§ Records provided:
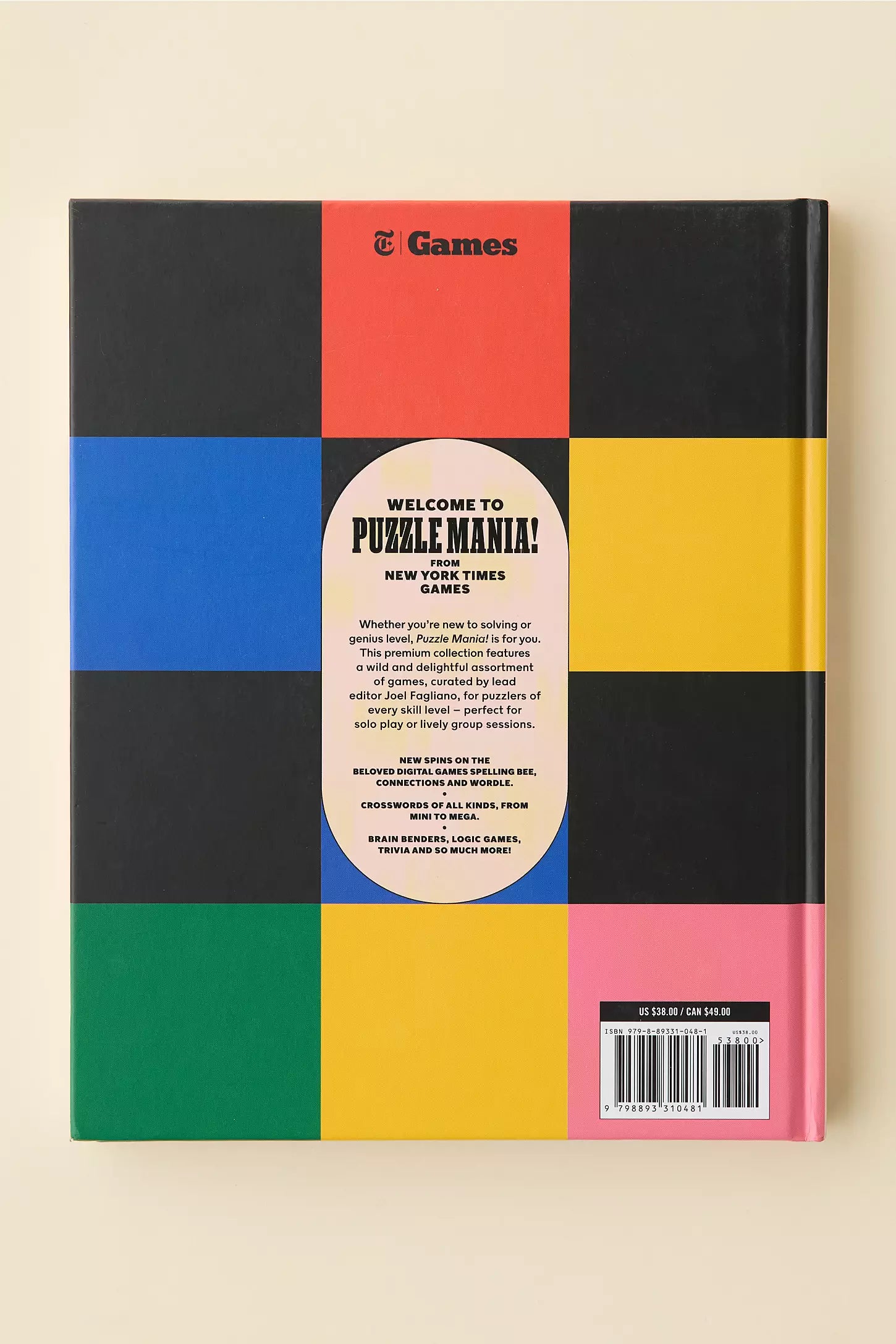 Puzzle Mania!: Wordle, Connections, Spelling Bee, Minis And More! By Joel Fagliano &amp; New York Times Games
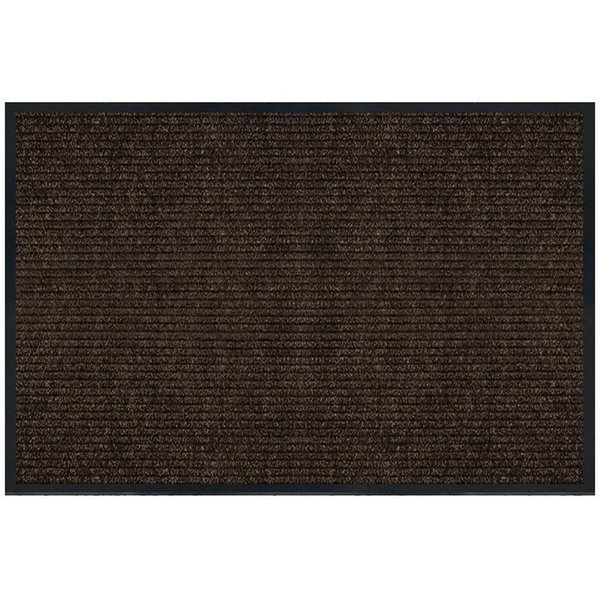 Multy Home Platinum MT Utility Floor Mat, 4 ft L, 3 ft W, Ribbed Pattern, Polypropylene Rug, Tan 1005379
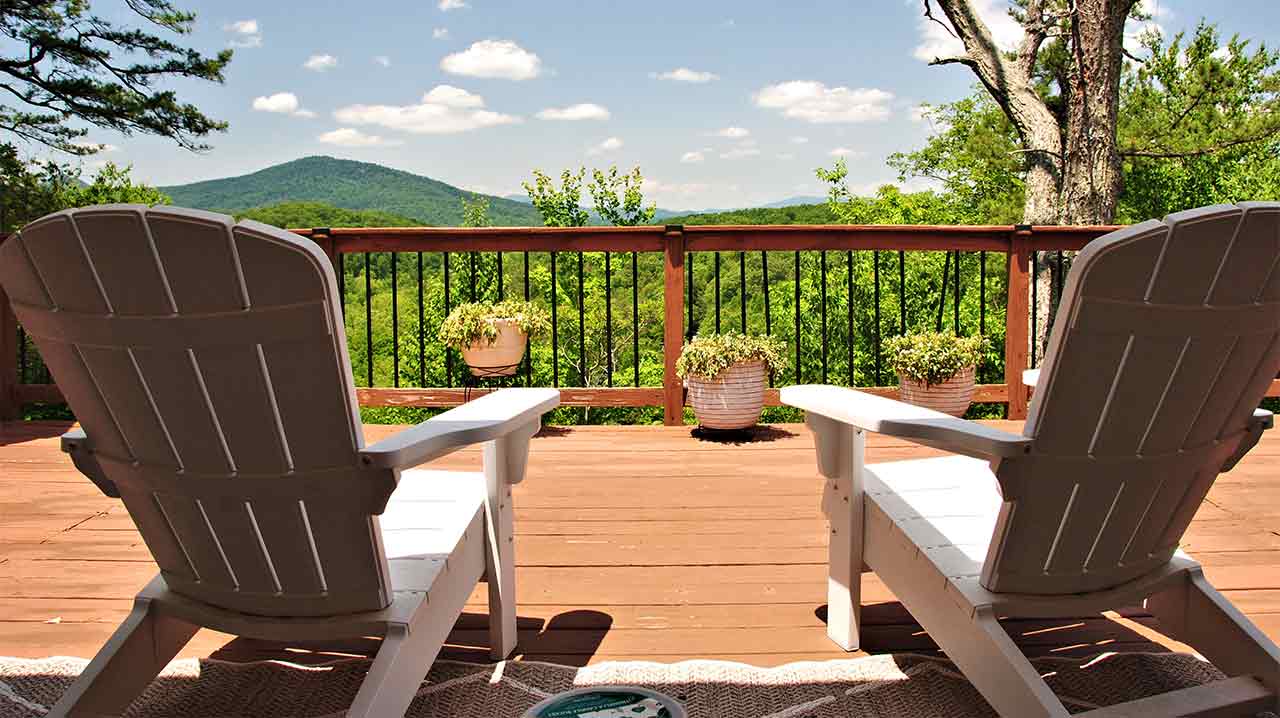 Spectacular views from oversized deck.
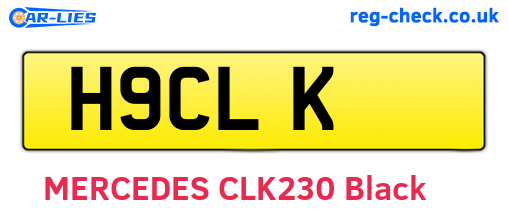 H9CLK are the vehicle registration plates.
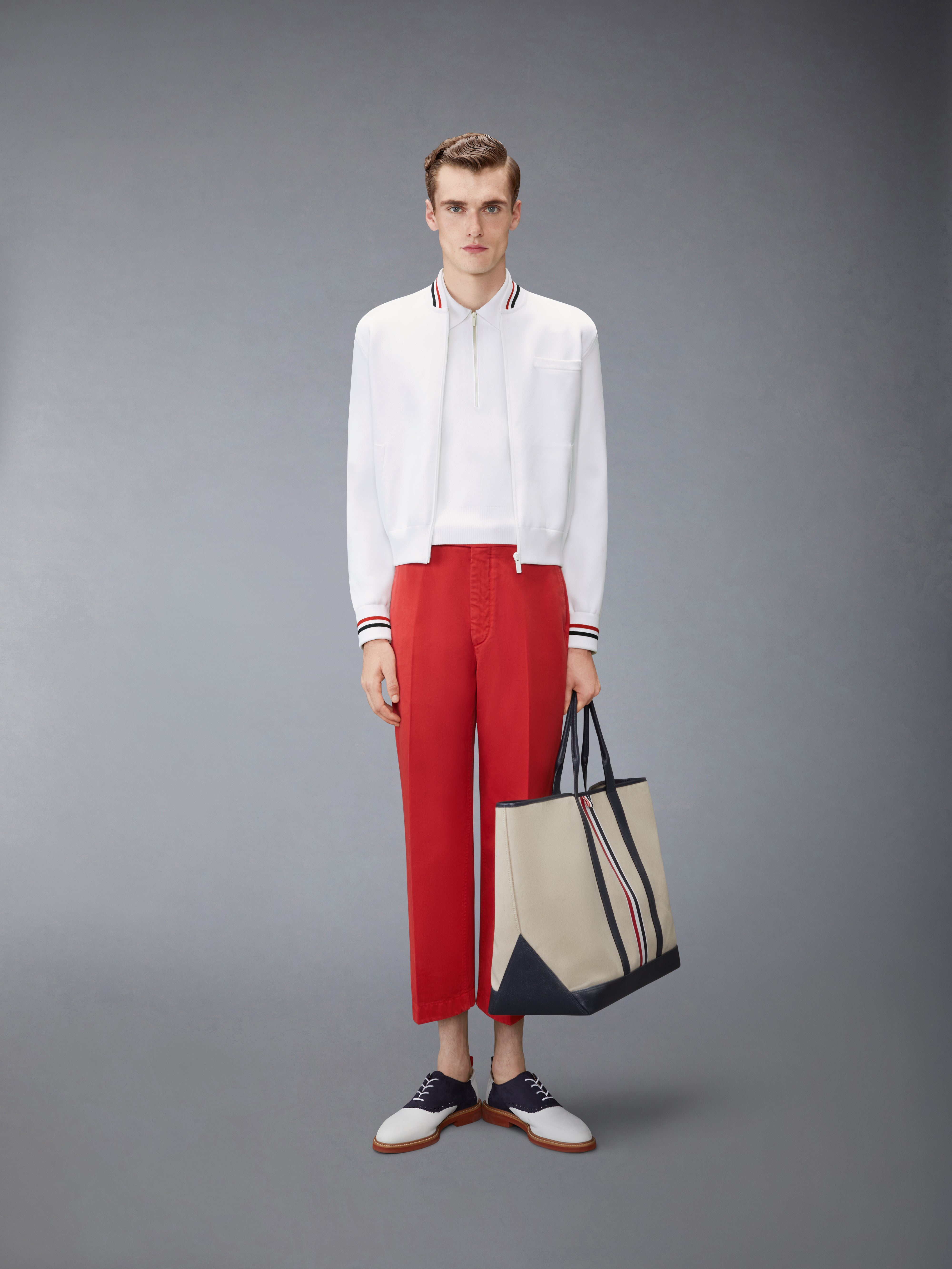 Browne 65 Intarsia Bomber Jacket | Thom Browne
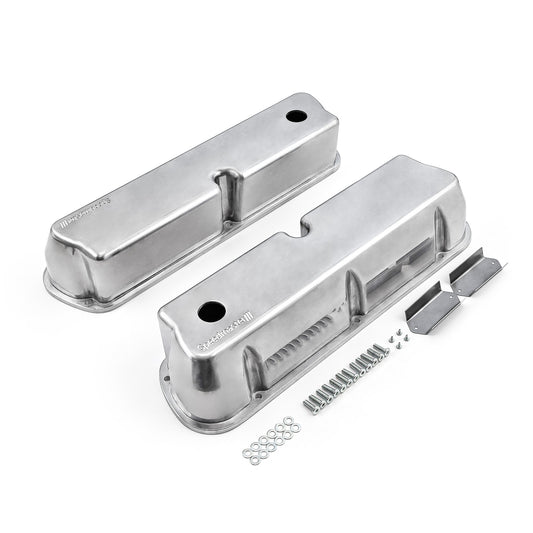 Tapas de válvulas de aluminio Windsor para Ford SB 289 302 351 [pulidas]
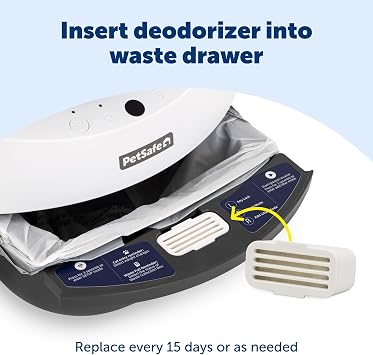 PetSafe ScoopFree SmartSpin Automatic Self Cleaning Cat Litter Box Deodorizers Enjoy Up to One Month of Better Odor Control with ScoopFree SmartSpin Self-Cleaning Litter Box (2-pack)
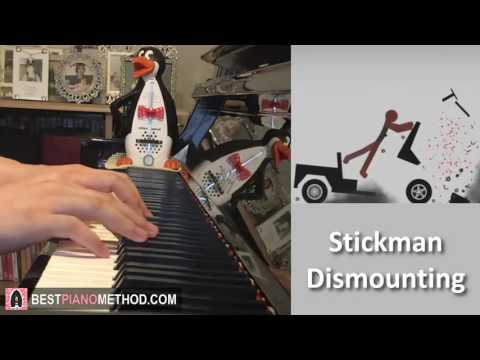 Stickman Dismounting - Main Theme Song (Piano Cover by Amosdoll)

§ Your objective:
Everything from the line containing "Multy Home Platinum" to the final line of the listing above, both ends included, should be transcribed word for word, except for the pictures.

§ Answer for this exercise:
 Multy Home Platinum MT Utility Floor Mat, 4 ft L, 3 ft W, Ribbed Pattern, Polypropylene Rug, Tan 1005379
 Spectacular views from oversized deck.
 H9CLK are the vehicle registration plates.
 Browne 65 Intarsia Bomber Jacket | Thom Browne
 Tapas de válvulas de aluminio Windsor para Ford SB 289 302 351 [pulidas]
 PetSafe ScoopFree SmartSpin Automatic Self Cleaning Cat Litter Box Deodorizers Enjoy Up to One Month of Better Odor Control with ScoopFree SmartSpin Self-Cleaning Litter Box (2-pack)
 Stickman Dismounting - Main Theme Song (Piano Cover by Amosdoll)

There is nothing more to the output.